- **Aim of the exercise**
In the entries below, find the line with "Maltese In Nature" and the line with "X0000091920491200709051443". Repeat exactly everything between them, those two lines included, but not the pictures.

-------- Material shown --------

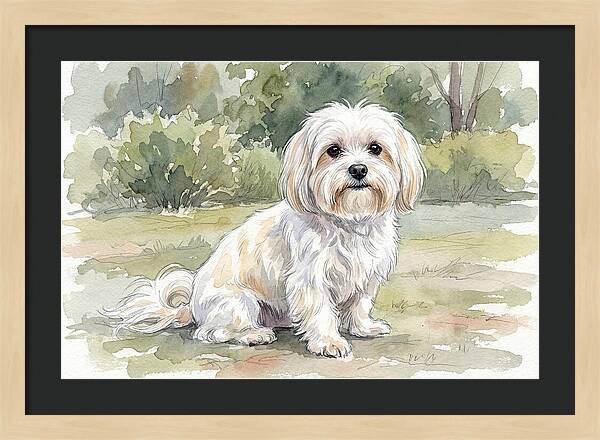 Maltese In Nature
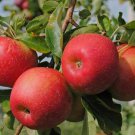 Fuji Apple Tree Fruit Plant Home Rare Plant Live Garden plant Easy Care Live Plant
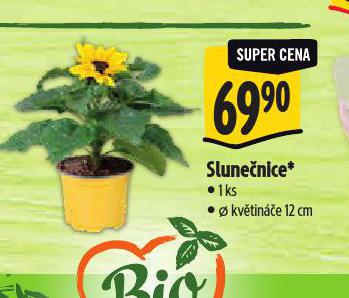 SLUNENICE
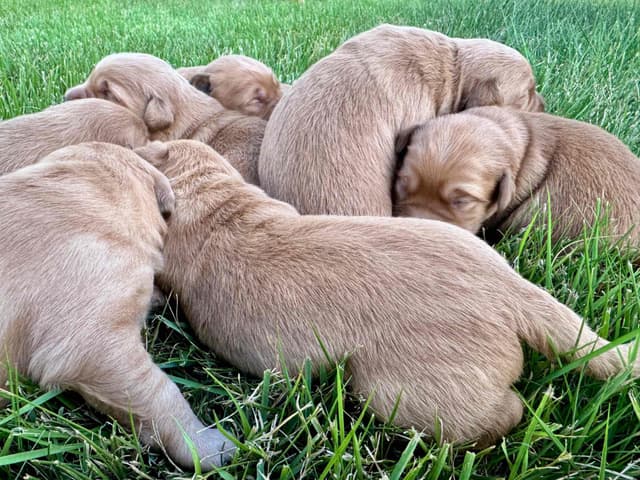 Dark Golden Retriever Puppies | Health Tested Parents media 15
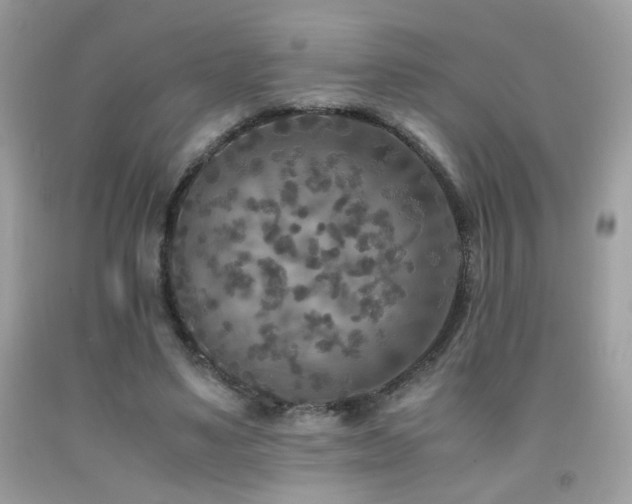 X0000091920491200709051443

--------
-------- Material shown --------

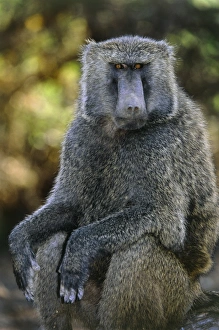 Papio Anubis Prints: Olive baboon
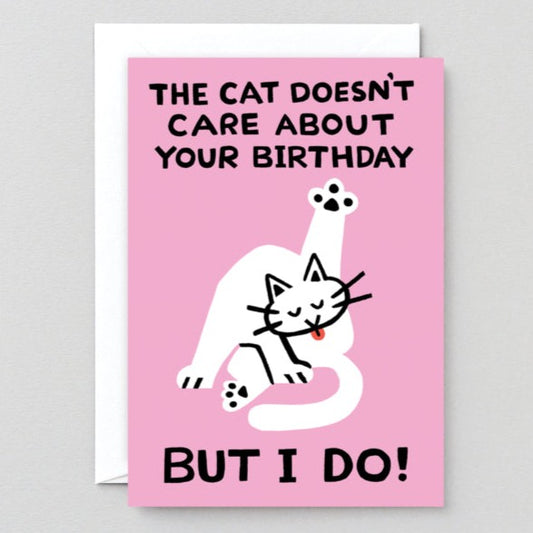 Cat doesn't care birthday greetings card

--------

- **Solution to this exercise**
 Maltese In Nature
 Fuji Apple Tree Fruit Plant Home Rare Plant Live Garden plant Easy Care Live Plant
 SLUNENICE
 Dark Golden Retriever Puppies | Health Tested Parents media 15
 X0000091920491200709051443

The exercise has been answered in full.